Parents: Why Your Words Matter

Parents: Why Your Words Matter

Some children grow up to become great success stories, beaming with confidence.  They make great choices because they believe that they’re worth it.

I look back at decision points in my own life.  At key times, when the peer pressure was on, I chose not to do some stupid things.  Why?  Reflecting honestly, it was because I thought I was better than all that.

Over time I’ve realized that my parents shaped me with their words to believe that I was special.  Those words carried me through awkward adolescent seasons and guided me toward good choices.  Even as an adult, the affirming voice of my parents calls me to step up and be all God has made me to be.

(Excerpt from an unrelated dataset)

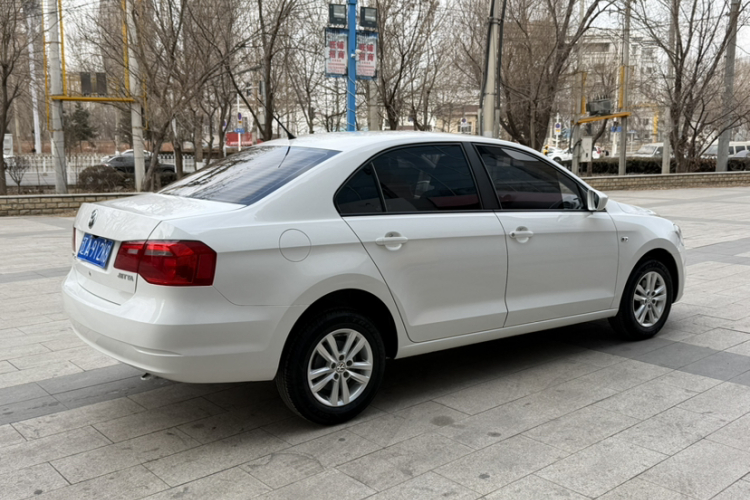 大众 捷达 2015款 1.6L 自动时尚型车身外观6001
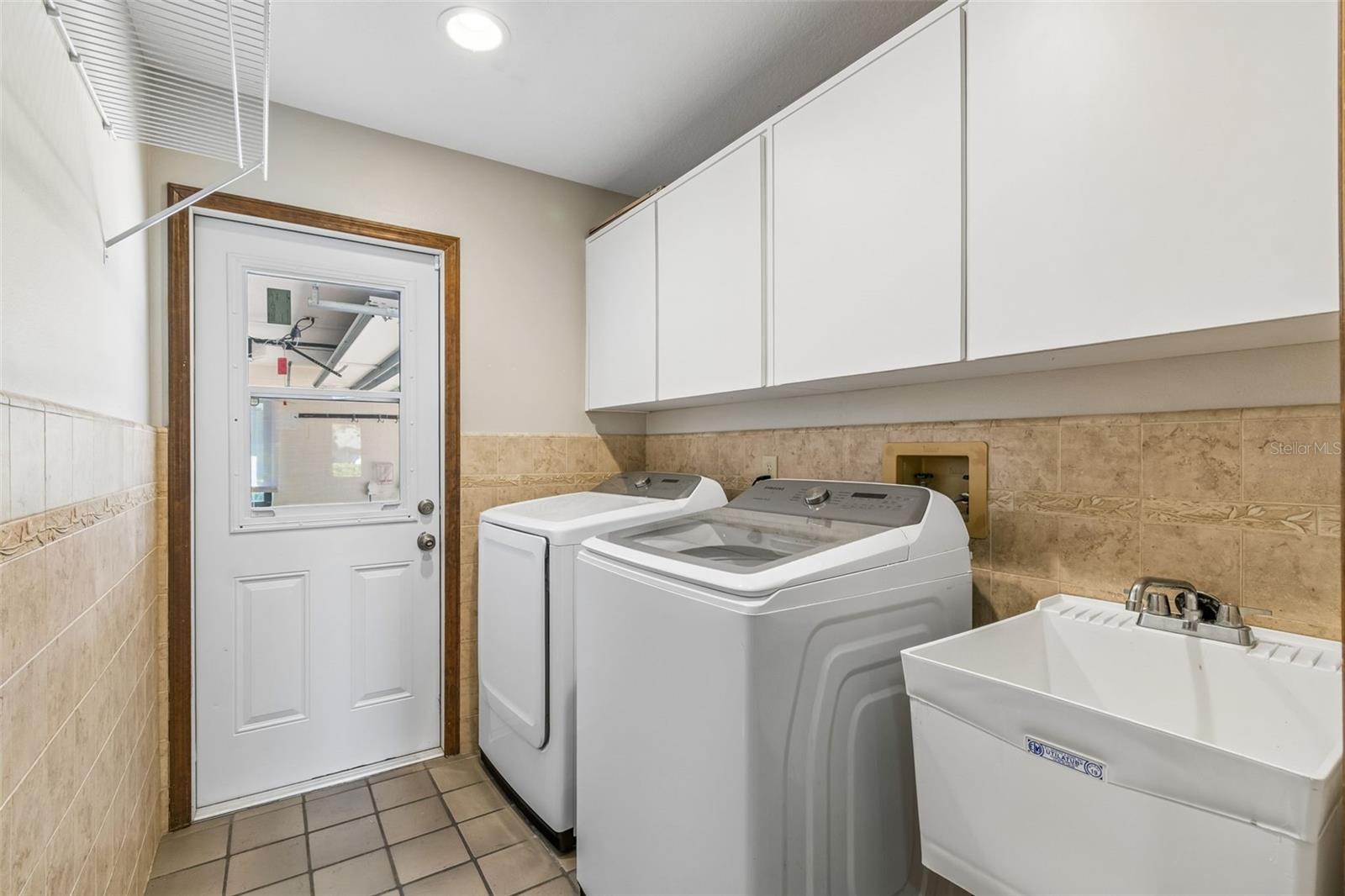 8723 ASHBURY DR — photo 30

On July 6th, I ran across a Facebook post from a pastor-friend, Alvin and Christine Chun.  The post was about their son’s birthday.  They said how proud they were of him, how special he was and what a great man of God he was becoming.  I’m telling you, things like this make a big difference!

Five ideas to release that blessing over your child: 

1.)   Prophesy: Sounds spiritual right?  What I mean is: know what God says about your child and speak it out.  Be God’s affirming voice to your child.

2.)   Show up: I love it when my parents stay an extra day in town so they can be in church when I preach.  Just showing up for the things that are important for your child communicates so much.

3.)   Be Generous: The blessing is all about empowering your child to prosper.  Financial gifts are a clear signal that you are with them and supportive.

4.)   Entrust: Find an area of responsibility that you can completely release to them.  It sends a strong message.  “I trust you.  You have great ideas.  Go for it!”

 5.)   Write Notes: Old-fashioned, but powerful.  We get hand-written notes from some of our parents and grandparents.  They mean a lot to us.

How do you use your words to shape your child?  How do you release that blessing?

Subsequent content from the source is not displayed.